ケータイ用語の基礎知識
第922回:キャッシュレス・消費者還元事業とは
2019年9月19日 06:00
キャッシュレス支払いでのポイント還元は10月から
「キャッシュレス・消費者還元事業」とは、中小・小規模の小売業、サービス業、飲食業者および消費者のキャッシュレスでの取引に対して、ポイント還元などを支援する事業です。これらの事業者で買い物などをした際に、カードやスマートフォン決済など現金以外で支払った消費者に、買い物などで使えるポイントを還元することになっています。
2019年10月1日の消費税率引上げによって予想される、需要の落ち込みを緩和する対策のひとつとして、9カ月間の期間限定で行われる予定です。
店舗にはキャッシュレスの端末の支給や手数料を安くする(決済手数料の3分の1を国でサポート)導入しやすくするなどの施策が、消費者にはキャッシュレス決済に対してポイント還元などへの補助が行われます。
政府は5月中旬から、加盟店の登録を受け付けており、9月6日までに登録が完了した事業者は10月1日からポイント還元などを行うことが可能となります(登録自体は2020年4月まで可能)。
なお、ここでいう中小規模とは小売業なら従業員数50名以下、サービス業なら100名以下など、従業員数・資本規模などが決められています。
実際に利用したい店舗が還元事業者であるかどうかは、一般消費者の場合はスマートフォンアプリから探すか、もしくは、店頭(通信販売業者の場合はWebページで)「キャッシュレス・消費者還元事業」のマークの有無で利用できるかどうかを判断することになります。
固定店舗では、登録した加盟店には、制度の対象であることが分かるよう、店頭にポスターなどが掲示されます。
また、固定店舗のみではなく、Amazon.co.jp、楽天市場、Yahoo!ショッピングといったEC・通信販売サイトでも対象になっている店舗も多くあります。
中小店舗では5%還元・チェーン店でも2%還元
ポイントの還元率ですが、消費者がポイント還元対象店舗、それも中小企業での買い物やサービス利用時に、クレジットカード・デビットカードやスマートフォン決済など現金以外で払うと原則5%分のポイントが付与されることになっています。
ただし、店舗の規模は中小でも、大手コンビニエンスストアや外食チェーン系列店の場合、還元率は2%となります。ちなみに、ポイント還元の原資は政府が負担します。
なお、これらの事業者は、「消費者に対して、キャッシュレス決済手段を提供するA型事業者」「キャッシュレス加盟店を管理するタイプの準B型決済事業者」に分けて登録されており、それぞれポイントの還元方法が異なります。これによってポイント還元の方法や、ポイント還元額の上限など、条件が異なるものがありますので注意が必要です。
A型はクレジットカード、スマートフォン決済、電子マネーを使って店舗で買い物をした場合などがそれに相当します。

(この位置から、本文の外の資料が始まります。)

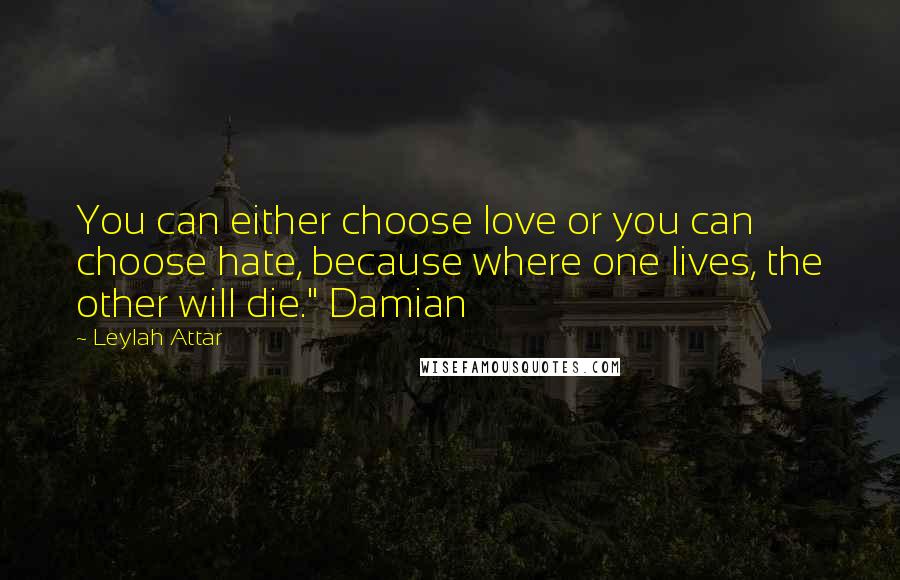 Leylah Attar Quotes: You can either choose love or you can choose hate, because where one lives, the other will die." Damian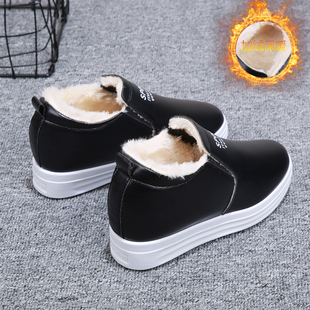 秋冬加绒加厚小白鞋内增高休闲女鞋2025一脚蹬懒人坡跟运动鞋单鞋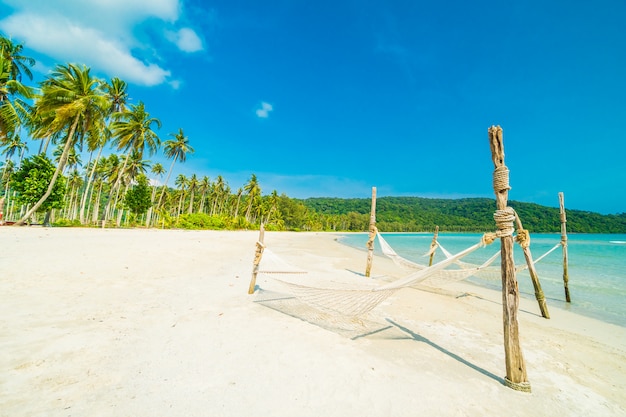 Гамак с красивой природой тропический пляж и море с кокосовой пальмой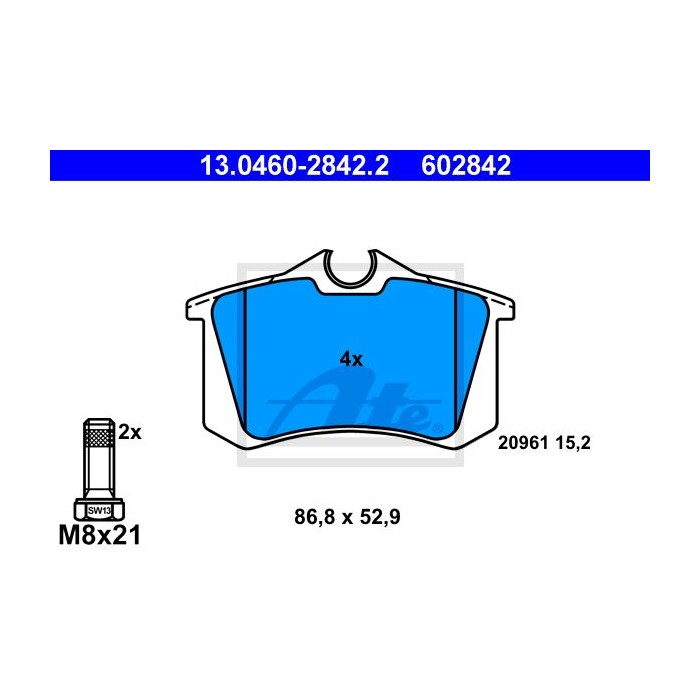 ATE Bremsbelagsatz, Scheibenbremse 13.0460-2842.2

この場合は、毎月特定の日にポイントなどの形で還元されるものが多くなっています。
たとえば、「PayPay」の場合は、通常還元している「PayPayボーナス」と同様、使用後決済日の20日前後に還元、「Suica」の場合は「JREポイント」で翌月上旬に還元されます。クレジットカードの場合では、たとえば三井住友カードやイオンカードでは本来の請求額からポイント分値引きして請求が行われます。楽天カードでは、請求は変わりませんが、楽天スーパーポイントで還元されます。
これらは、月当たりのポイント還元額に上限があるものが多く、たとえば、多くの会社のクレジットカード(三井住友カード、JCBカード、楽天カード、イオンカードなど)ではキャッシュバックの金額は1枚につき1万5000円/月、スマートフォン決済では、「PayPay」が月に2万5000円までとなっています。
準B型は、Amazonや一部のコンビニエンスストアでの決済が相当します。これは「即時還元」といって、キャッシュバック分を支払いから引く、つまり値引きするというやり方になります。消費者にとってみれば、消費税が10%になったはずなのに電子マネーを使えば8%のままのように感じることができることでしょう。
ただ、準B型に関して注意しなければならないのは、同じチェーンのコンビニエンスストアだからといって「スマートフォン支払いによる値引き」があるとは限らないということです。たとえば、大手の事業者で対象に該当しない事業者が店舗を運営しているケース(例としては鉄道事業者が駅構内でコンビニエンスストアを展開しているなど)では、この事業の対象外となっているケースもあります。